= H. T. Chen =

American dancer and choreographer (1947–2022)

Hsueh-Tung Chen (June 23, 1947 – June 12, 2022) was an American dancer and choreographer who formed his own dance company in New York City in 1978.

== Biography ==

===Early years and education ===

Chen was born to Chiang and Hsian Yuan Ming Chen in Shanghai, China, raised in Taiwan, and was a resident of New York City since 1971. He graduated from the University of Chinese Culture in Taiwan, the Juilliard School in New York City (1976) and New York University's Department of Dance Professions, where he received his master's degree in Dance Education. In New York, he also studied at the Martha Graham School of Contemporary Dance and was a scholarship student at the American Dance Center. After working for five years at the La Mama Experimental Theater Club in New York City, Chen turned to presenting his own work, forming his dance company H.T. Chen & Dancers in 1978.

===H.T. Chen & Dancers===
The company appeared in contemporary dance venues throughout the United States, and has toured to Europe twice and to Asia seven times. It is housed with an associated dance school and theater at the H. T. Chen Dance Center, in Manhattan's Chinatown neighborhood at 70 Mulberry Street. The building, a converted historic public school by C. B. J. Snyder, also houses other community organizations.

===Awards ===
Chen was the recipient of numerous awards, including grants and fellowships from the National Endowment for the Arts, New York State CAPS, The Jerome Foundation, and Meet the Composer, and was choreographer in residence at THE YARD - a Colony for The Performing Arts. He received the Mid-Career award from the Martha Hill Dance Fund, along with his wife Dian Dong, in 2012. H.T. Chen's professional credits included choreographing and performing in Off-Broadway productions, television, and the concert stage. He taught at the Navajo Community College and the New York University Department of Dance and Dance Education. Chen completed a three-week residency in the Island of Mauritius as an Arts America speaker for the United States Information Service.

===Works ===
As important as creating new works to Chen was providing cultural arts services to the local community. The Arts Gate Center was established in 1980 as a year-round performing arts school in Chinatown, offering classes in ballet, modern dance, Chinese dance, and music. In 1988, Chen established Mulberry St Theater, Chinatown's first performing arts venue. Programming for the Theater included three new series, Newsteps, Ear to the Ground, and Moving Word which provide commissions and production support for emerging artists of color.

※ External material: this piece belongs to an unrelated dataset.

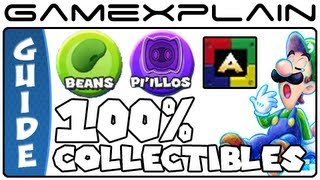 All Collectibles in Mario & Luigi Dream Team Guide (100% of Beans, Pi'illos, and Attack Blocks)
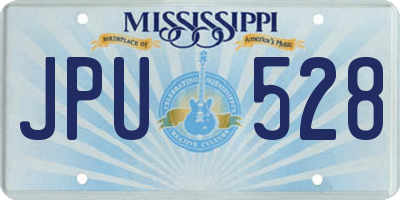 MS license plate JPU528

Chen was a longtime advocate for the arts. Working with Dance Theater Workshop's National Performance Network, Chen coordinated the Asian Arts Partnership Program (AAPP) which serves as an ongoing cultural exchange between American artists and Asian artists.

===Directorships ===
Chen served on the board of trustees for Dance Theater Workshop, DANCE/USA, and Pan Asian Repertory Theater. Chen served on numerous dance panels, including National Endowment for the Arts, New York State Council on the Arts, and Massachusetts Cultural Council. In 2002, H.T. Chen & Dancers received the New York State Governor's Arts Award – the first Asian American performing arts organization to receive this award. In 2003, H.T. Chen received the Lifetime Achievement Award from the Organization of Chinese Americans - Long Island Chapter, and in 2004 the CUNY Asian Alumni Award for Community Service.

==Death==
Chen died from lung cancer on June 12, 2022, in Manhattan.